Global network
Cloud Flare, the leading content delivery network and cloud security platform, wants to make AI accessible to developers. It added GPU-based infrastructure and model serving capabilities to its edge network, making cutting-edge core models available to the general public. Any developer can access Cloudflare’s AI platform with a simple REST API call.
Cloudflare introduced Workers, a serverless edge computing platform, in 2017. Developers can use this serverless platform to create JavaScript Service Workers that run directly in Cloudflare edge locations around the world. With a Worker, a developer can modify a site’s HTTP requests and responses, make parallel requests, and even respond directly from the edge. Cloudflare Workers uses an API similar to the W3C Service Workers standard.

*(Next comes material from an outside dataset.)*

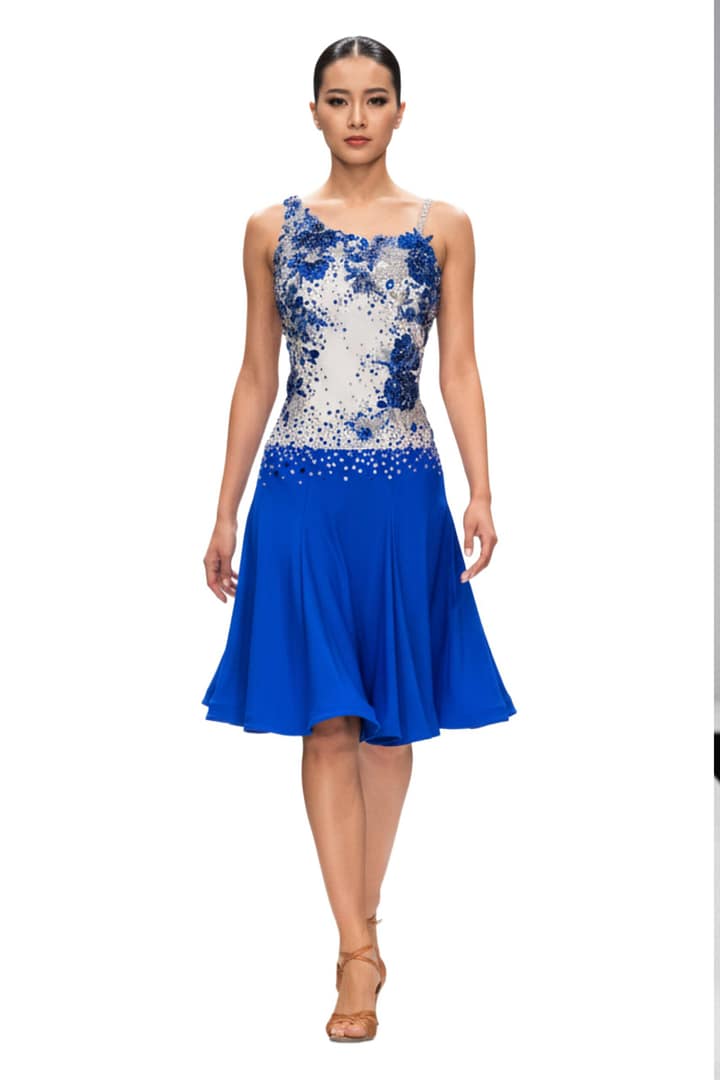 Manon Latin dress — full view — full-body view of model wearing the blue and white Manon dress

The rise of generative AI has prompted Cloudflare to increase its AI capabilities for its workers. The platform has three new elements to support AI inference:
- Workers AI runs on NVIDIA GPUs within Cloudflare’s global network, enabling the serverless model for AI. Users only pay for what they use, allowing them to spend less time managing infrastructure and more time on their applications.
- Vectorize, a vector database, enables simple, fast and cost-effective vector indexing and storage, supporting use cases that require access not only to operational models but also to custom data.
- AI Gateway allows organizations to cache, throttle, and monitor their AI deployments regardless of hosting environment.
Cloudflare has partnered with NVIDIA, Microsoft, Hugging Face, Databricks and Meta to bring GPU infrastructure and core models to its advantage. The platform also hosts integration templates for converting text to vectors. The Vectorize database can be used to store, index, and query vectors to add context to LLMs to reduce hallucinations in responses. AI Gateway provides observability, rate limiting, and frequent query caching, reducing costs while improving application performance.
The template catalog for Workers AI offers the latest basic templates and some of the best. From Meta’s Llama 2 to Stable Diffusion XL to Mistral 7B, it has everything developers need to create modern applications powered by generative AI.
Model catalog
Behind the scenes, Cloudflare uses ONNX Runtime, an open neural network exchange runtime, an open source project led by Microsoft, to optimize model execution in resource-constrained environments. This is the same technology that Microsoft relies on to run basic models on Windows.
Although developers can use JavaScript to write AI inference code and deploy it to Cloudflare’s edge network, it is possible to invoke the models through a simple REST API using any language. This makes it easier to integrate generative AI into web, desktop, and mobile applications that run in various environments.
In September 2023, Workers AI initially launched with inference capabilities in seven cities. However, Cloudflare’s ambitious goal was to support Workers AI inference in 100 cities by the end of the year, with near-ubiquitous coverage by the end of 2024.
Cloudflare’s footprint
Cloudflare is one of the first CDN and edge networking providers to enhance its edge network with AI capabilities with GPU-based AI Workers, Vector Database, and AI Gateway for management of AI deployment. Partnering with tech giants like Meta and Microsoft, it offers a large catalog of templates and ONNX Runtime optimization.